If you’re dreaming of owning your own home, whether that means a cute Colonial or a loft-style condo, you are likely contemplating financing, and that can mean a mortgage. A home loan can give you the funds required to purchase a property, but there can be a learning curve involved, especially if you are a first-time homebuyer. For instance, what term should you select? How do mortgage interest rates work, and is a fixed rate typically best?

In this guide, you’ll get the scoop on how home loans work, what kind of options you have, and how to assess which loan could be right for you.

What is a Mortgage?

A mortgage loan, also known simply as a mortgage, is issued to a borrower who is either buying or refinancing real estate.

The borrower signs a legal agreement that gives the lender the ability to take ownership of the property if the loan holder doesn’t make payments according to the agreed-upon terms.

Once issued a mortgage, the homebuyer will pay monthly principal (that’s the lump sum of the loan) and interest payments for a specific term.
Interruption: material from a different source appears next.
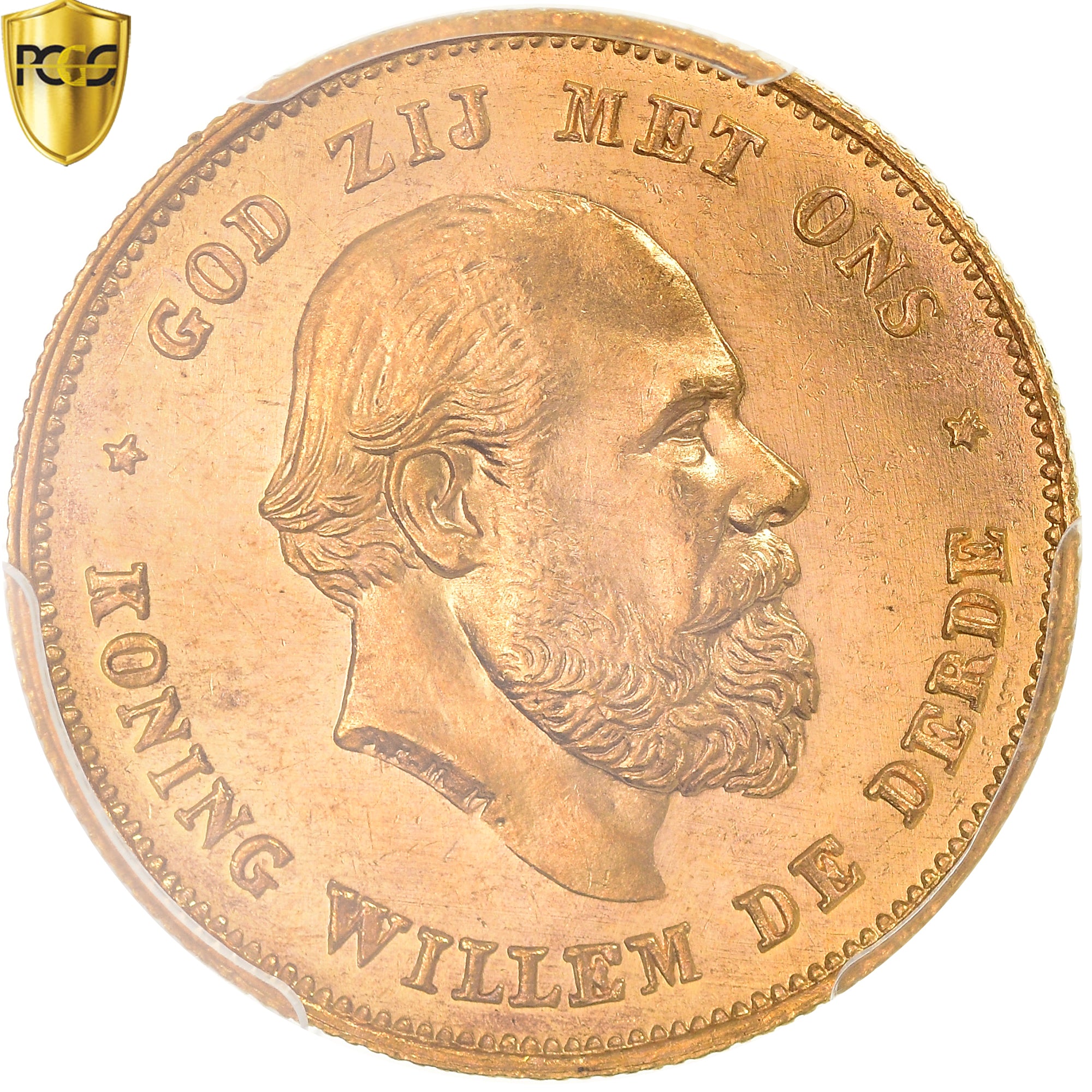 Coin, Netherlands, William III, 10 Gulden, 1875, Utrecht, PCGS, MS67, MS(65-70)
The most common term for a fixed-rate mortgage is 30 years, but terms of 20, 15, and even 10 years are available.

A shorter-term translates to a higher monthly payment but lower total interest costs. Put another way, you pay more every month, but the amount of interest over the life of the loan is lower.


💡 Quick Tip: You deserve a more zen mortgage loan. When you buy a home, SoFi offers a guarantee that your loan will close on time. Backed by a $5,000 credit.‡

A Buffet of Mortgage Choices

When homebuyers apply for a loan, they’ll need to choose whether they want a fixed interest rate or an adjustable rate and the length of the loan.

Fixed-Rate Mortgage

The interest rate on the home loan doesn’t change, so the monthly principal and interest payment remains the same for the life of the loan. Whether mortgage rates increase or decrease, the loan holder is locked in for their monthly payment.

Adjustable-Rate Mortgage (ARM)

With an ARM, the interest rate is generally fixed for an initial period of time, such as five, seven, or 10 years, and then switches to a variable rate of interest. The rate fluctuates with the rate index that it’s tied to.

As the rate changes, monthly payments may increase or decrease. These loans generally have yearly and lifetime interest rate caps (or maximums) that limit how high the variable rate can adjust to.

Next, borrowers will need to decide what type of mortgage loan works best for them.

Conventional Loans

Conventional loans are loans that are not backed by a government agency and must adhere to the requirements of Fannie Mae, Freddie Mac, or other investors. Typically, conventional loans are issued with at least 3% down. However, it’s worth noting that private mortgage insurance (commonly known as PMI) is generally required on loans with a down payment of less than 20%.

The coverage protects the lender against the risk of default. Your mortgage servicer must cancel your PMI when the mortgage balance reaches 78% of the home’s value or when the mortgage hits the halfway point of the loan term, if you’re in good standing.

PMI typically costs 0.2% to 2% of the loan amount per year.

Down payment: Generally between 3% and 20% of the purchase price or appraised value of the home, depending on the lender’s requirements.

FHA Loans

Loans insured by the Federal Housing Authority, or FHA loans, can be attractive to first-time homebuyers or those who struggle to meet the minimum requirements for a conventional loan. In a SoFi survey of 500 would-be homeowners conducted in April 2024, 28% of people who had filled out a loan application had applied for this type of loan, and fully 63% of those who filled out an application had applied for some type of government-backed financing.

These loans usually require a one-time upfront mortgage insurance premium (or MIP vs. PMI), which typically can be added to the mortgage, and an annual insurance premium, which is collected in monthly installments for the life of the loan in most cases.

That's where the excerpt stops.